OHCO = ['album_id', 'song_num', 'stanza_num', 'line_num', 'token_num']
colors = 'YlGnBu'

## Functions

In [2]:
def get_PCA(X:pd.DataFrame, k:int, norm_docs=True, center_by_mean=False, center_by_variance=False) -> tuple:
    '''
    Function to compute PCA on a given document-term count matrix.

    PARAMETERS:

    X - pandas `DataFrame` representing document-term count matrix to perform PCA on

    k - int number of principal components to return

    norm_docs - bool (defaults to True) of whether to normalize document length. Uses L2 norm

    center_by_mean - bool (defaults to False) of whether to center term vectors by column mean. Uses pandas `.cov()` method

    center_by_variance - bool (defaults to False) of whether to center term vectors by column variance. Uses pandas `.cov()` method

    
    OUTPUTS:

    LOADINGS - pandas `DataFrame` representing term-component matrix

    DCM - pandas `DataFrame` representing document-component matrix

    COMPINF - pandas `DataFrame` representing component information
    '''

    # Input handling to ensure only one centering method is used
    if (center_by_mean and center_by_variance):
        raise SyntaxError('Cannot center by both mean and variance')
    
    # Normalize docs
    if (norm_docs):
        tfidf = (X.T/norm(X, 2, axis=1)).T
    else:
        tfidf = X
    
    # Center by mean
    if (center_by_mean):
        tfidf = tfidf - tfidf.mean()

    # Center by variance
    if (center_by_variance):
        tfidf = tfidf - tfidf.var()
    
    # Compute variance-covariange matrix
    COV = tfidf.cov()

    # Eigendecomposition
    eig_vals, eig_vecs = eigh(COV)

    # Convernt eigenvalues and eigenvectors into DataFrames
    EIG_VECS = pd.DataFrame(eig_vecs, index=COV.index, columns=COV.index)
    EIG_VALS = pd.DataFrame(eig_vals, index=COV.index, columns=['eig_val'])
    EIG_PAIRS = EIG_VALS.join(EIG_VECS.T)\
        .sort_values('eig_val', ascending=False)
    
    EIG_PAIRS['exp_var'] = np.round((EIG_PAIRS.eig_val / EIG_PAIRS.eig_val.sum()) * 100, 2)

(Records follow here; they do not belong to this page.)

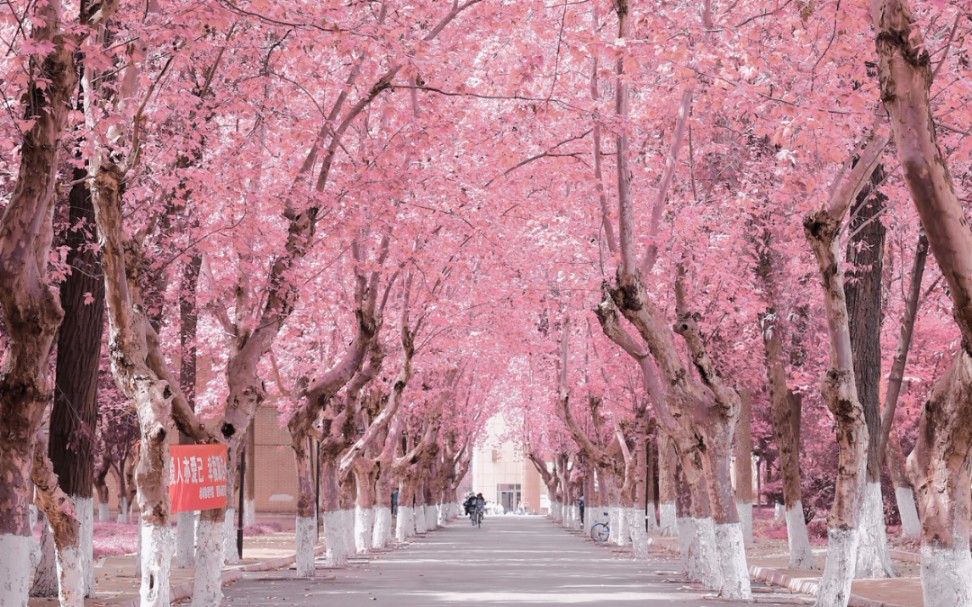 [图]CDUT的樱花大道 落英缤纷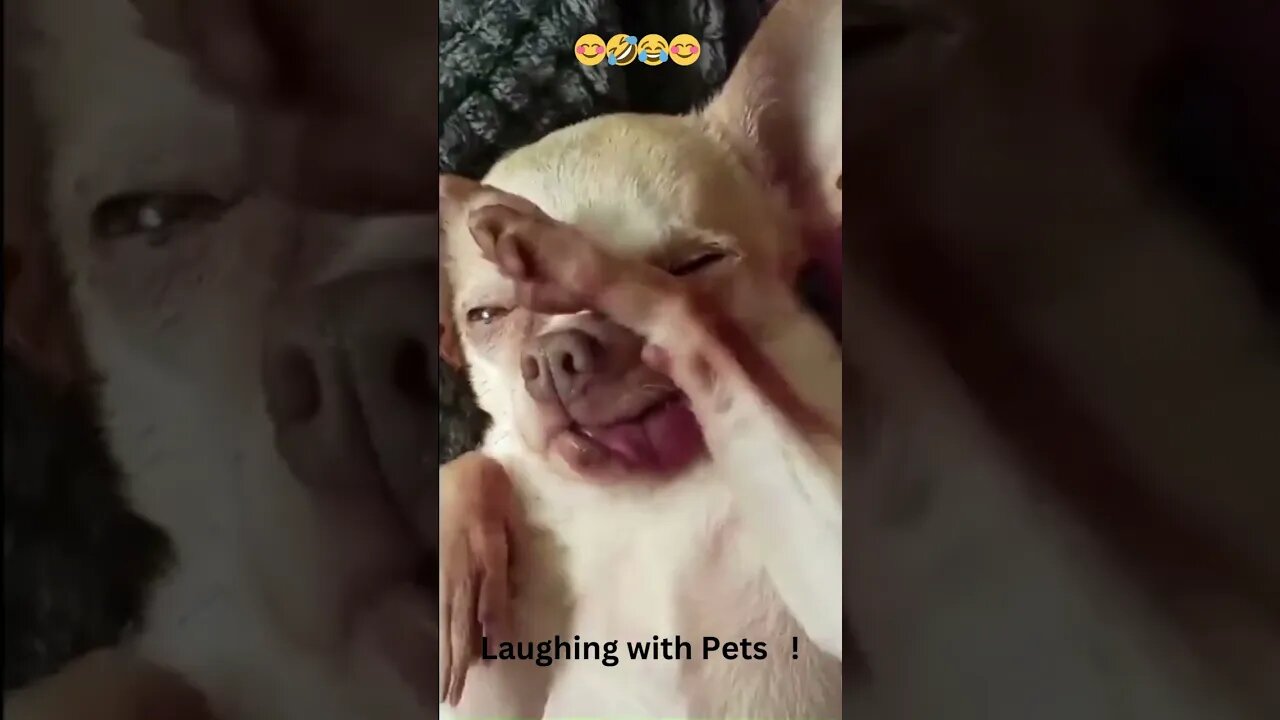 Laughing with Pets 😊🤣😂😊 #shortvideo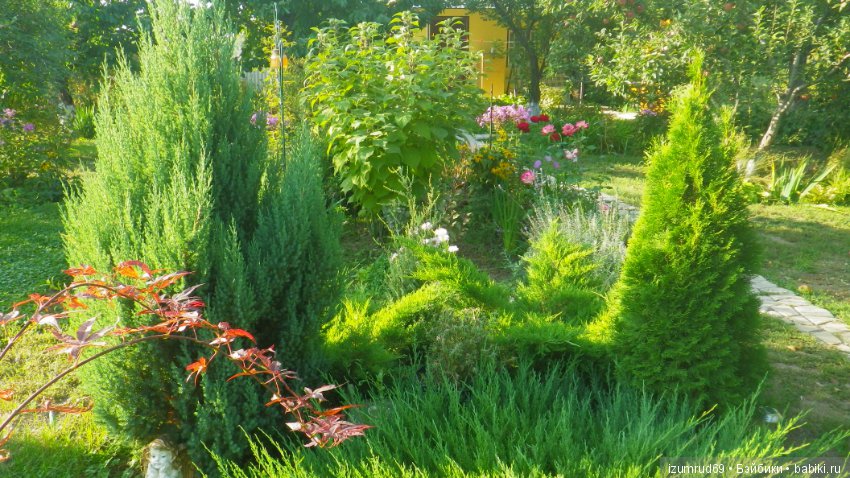 Мой прекрасный сад — Болталка и разговоры обо всем: жизнь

    # Select top k components
    COMPS = EIG_PAIRS.sort_values('exp_var', ascending=False).head(k).reset_index(drop=True)
    COMPS.index.name = 'comp_id'
    COMPS.index = ["PC{}".format(i) for i in COMPS.index.tolist()]
    COMPS.index.name = 'pc_id'

    # Create LOADINGS
    LOADINGS = COMPS[COV.index].T
    LOADINGS.index.name = 'term_str'

    # Create DCM
    DCM = tfidf.dot(COMPS[COV.index].T)

    # Create COMPINF
    top_terms = []
    for i in range(k):
        for j in [0, 1]:
            comp_str = ' '.join(LOADINGS.sort_values(f'PC{i}', ascending=bool(j)).head(10).index.to_list())
            top_terms.append((f"PC{i}", j, comp_str))
    COMPINF = pd.DataFrame(top_terms).set_index([0,1]).unstack()
    COMPINF.index.name = 'comp_id'
    COMPINF.columns = COMPINF.columns.droplevel(0) 
    COMPINF = COMPINF.rename(columns={0:'pos', 1:'neg'})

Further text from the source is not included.